## Records from a data source
◆ ◆ ◆ ◆ ◆

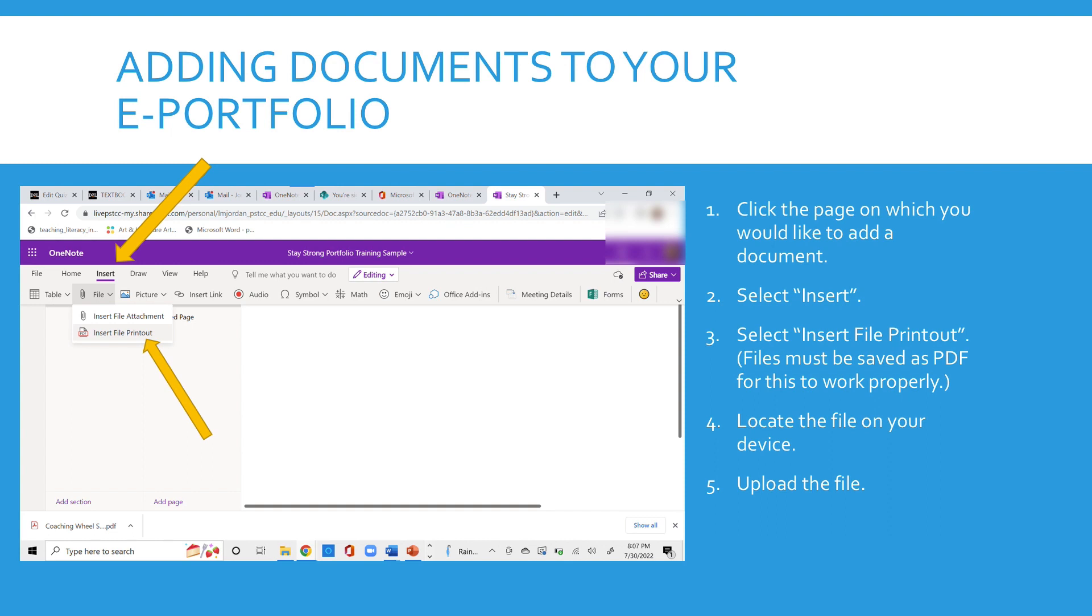Then select insert. Select insert file printout from the menu that comes down. Now remember files must be saved as a PDF for this to work properly. Make sure that the file you had worked on is saved as a PDF.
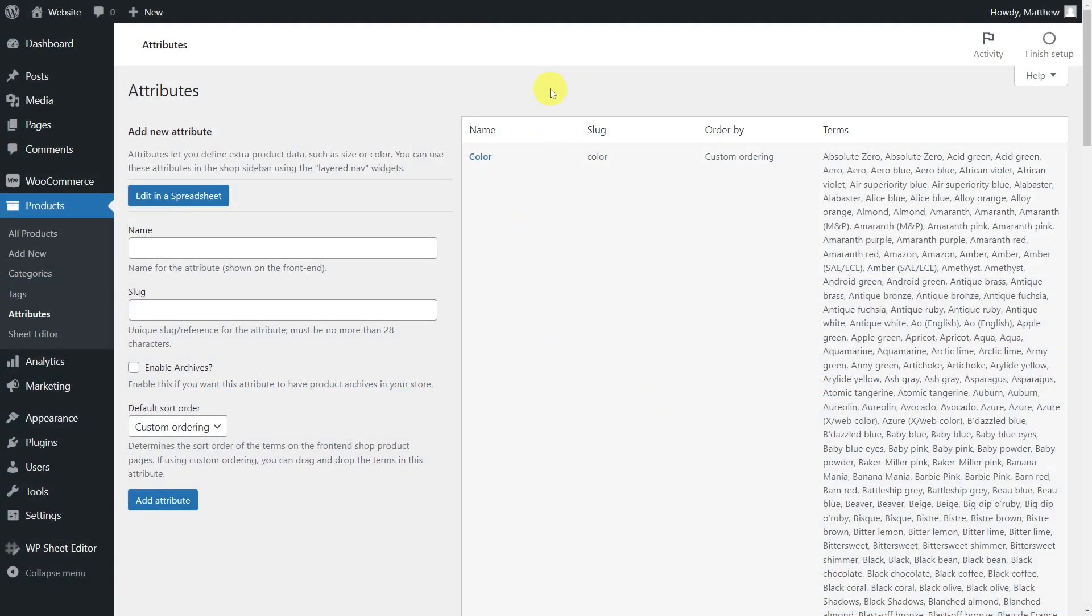When we import products from Shopify or BigCommerce to WooCommerce, we might make the mistake of duplicating product attributes, or it can also happen when we manually create attributes without realizing that they already existed.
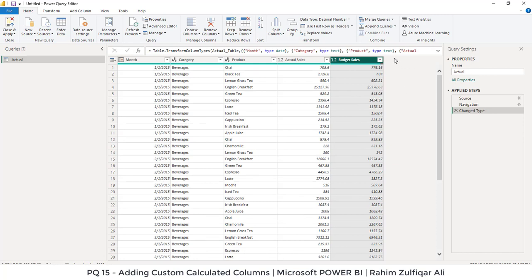We are required to add one column which is based on calculation, Actual Minus Budget, which is the Variance column. Then we will also add another column, Variance as in Percentage. How we can perform this in Power Query?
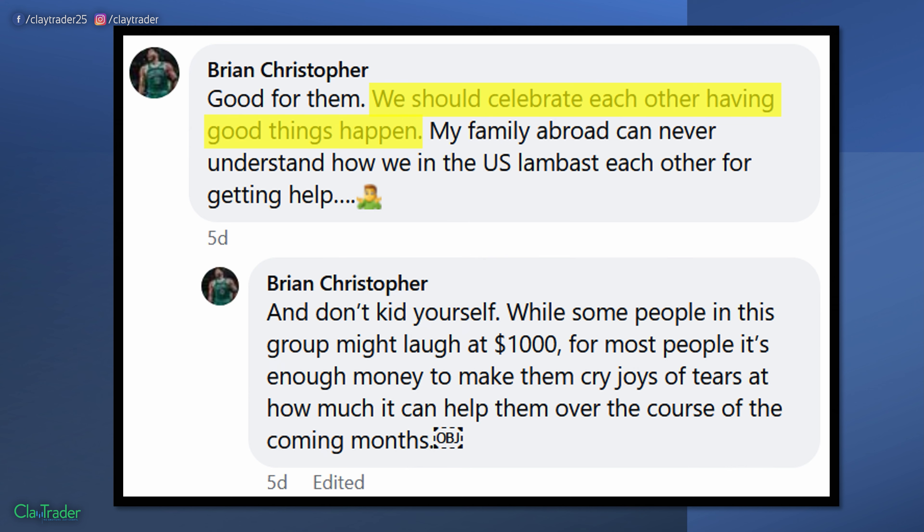Then we have more of it where this person says, 'People in the US lambast each other for getting help.' This is surface deep again — sure, you can talk about whether we should be mad at people for getting help, but it's very distracting because should you lambast people for getting help if the help is not really helping people?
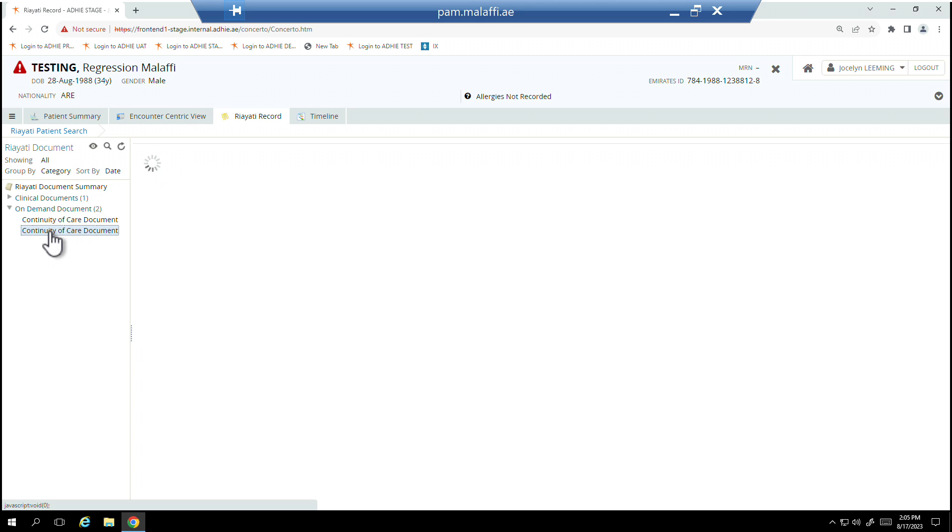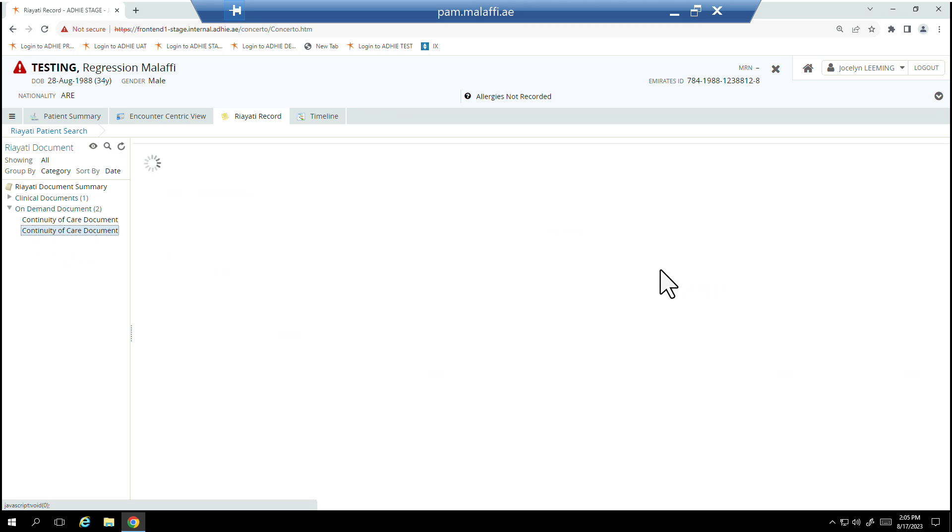In addition, sensitive data is currently not available in the Rayadi Record due to privacy restrictions. The On Demand document is a dynamic document updated each time the Rayadi Record is accessed in Malafi and functions as a continuity of care record.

◆ ◆ ◆ ◆ ◆

## How to complete this task
For this exercise, transcribe the data exactly but without its pictures.

## Result of the exercise
Then select insert. Select insert file printout from the menu that comes down. Now remember files must be saved as a PDF for this to work properly. Make sure that the file you had worked on is saved as a PDF.
When we import products from Shopify or BigCommerce to WooCommerce, we might make the mistake of duplicating product attributes, or it can also happen when we manually create attributes without realizing that they already existed.
We are required to add one column which is based on calculation, Actual Minus Budget, which is the Variance column. Then we will also add another column, Variance as in Percentage. How we can perform this in Power Query?
Then we have more of it where this person says, 'People in the US lambast each other for getting help.' This is surface deep again — sure, you can talk about whether we should be mad at people for getting help, but it's very distracting because should you lambast people for getting help if the help is not really helping people?
In addition, sensitive data is currently not available in the Rayadi Record due to privacy restrictions. The On Demand document is a dynamic document updated each time the Rayadi Record is accessed in Malafi and functions as a continuity of care record.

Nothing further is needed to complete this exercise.